Alexandre
Cabanel(b Montpellier, 28 Sept 1823; d Paris,
23 Jan 1889).
French painter and teacher. His skill in
drawing was apparently evident by the age of 11. His
father could not afford his training, but in 1839 his département gave him a grant to go to Paris. This
enabled him to register at the Ecole des Beaux-Arts the
following October as a pupil of François-Edouard Picot.
At his first Salon in 1843 he presented Agony in the
Garden (Valenciennes, Mus. B.-A.) and won second
place in the Prix de Rome competition (after Léon
Bénouville, also a pupil of Picot) in 1845 with
Christ at the Praetorium (Paris, Ecole N. Sup.
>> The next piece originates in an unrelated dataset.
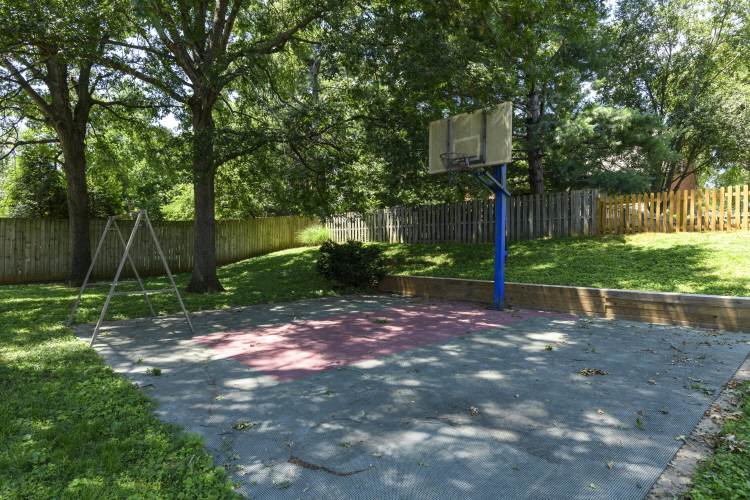 Listing Image 45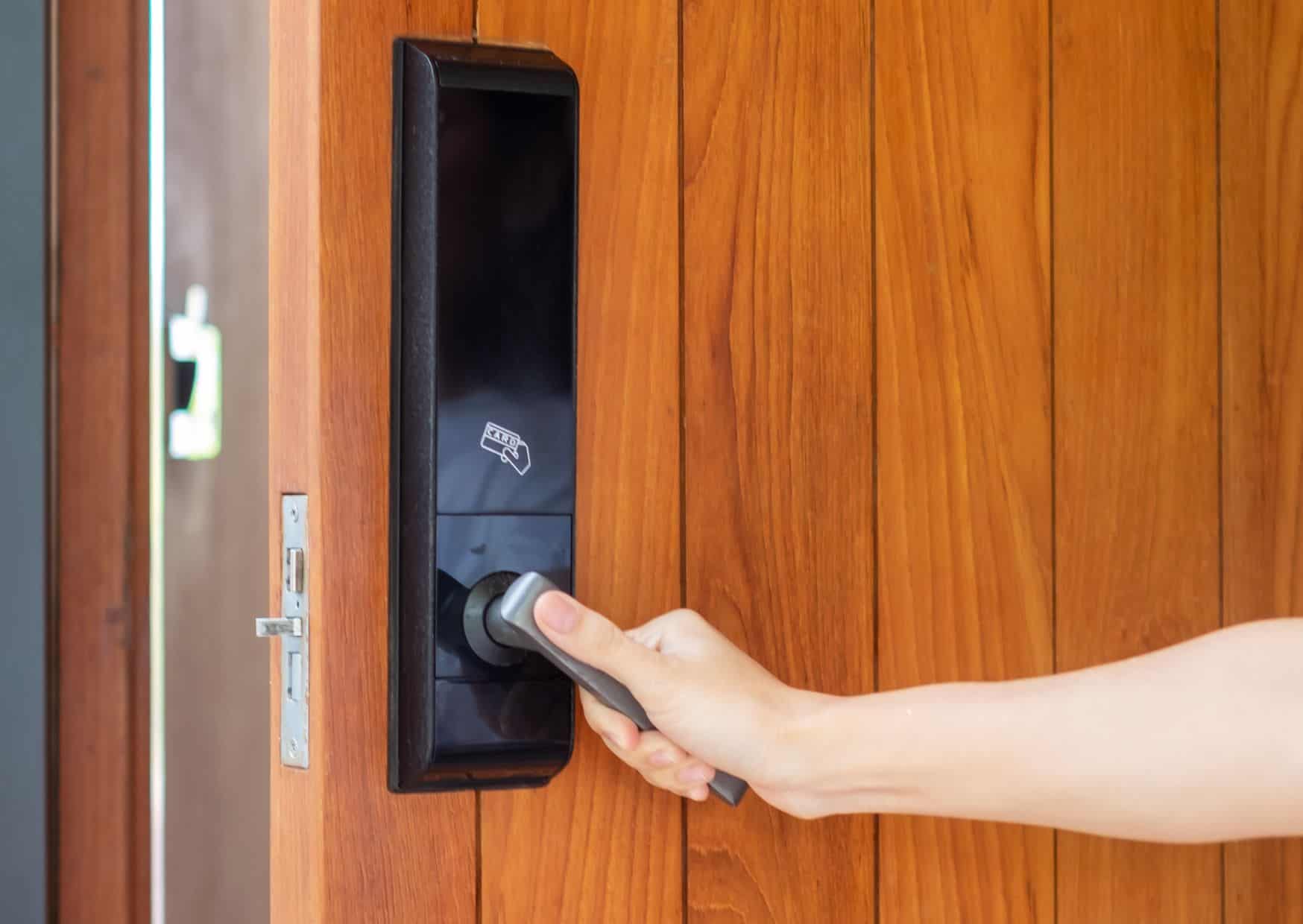 12 Airbnb Etiquette Rules You’re Probably Breaking (But No One Talks About) 1 12 Unwritten Rules of Airbnb Etiquette That No One Tells You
B.-A.). Both Cabanel and Bénouville were able to go to
Rome, as there was a vacancy from the previous year.
Cabanel’s Death of Moses (untraced), an academic
composition, painted to comply with the regulations of
the Ecole de Rome, was exhibited at the Salon of 1852.
The pictures he painted for Alfred Bruyas, his chief
patron at this time (and, like Cabanel, a native of
Montpellier), showed more clearly the direction his art
had taken during his stay in Italy. Albaydé,
Angel of the Evening, Chiarruccia and
Velleda (all in Montpellier, Mus. Fabre) were the
first of many mysterious or tragic heroines painted by
Cabanel and show his taste for the elegiac types and
suave finish of the Florentine Mannerists.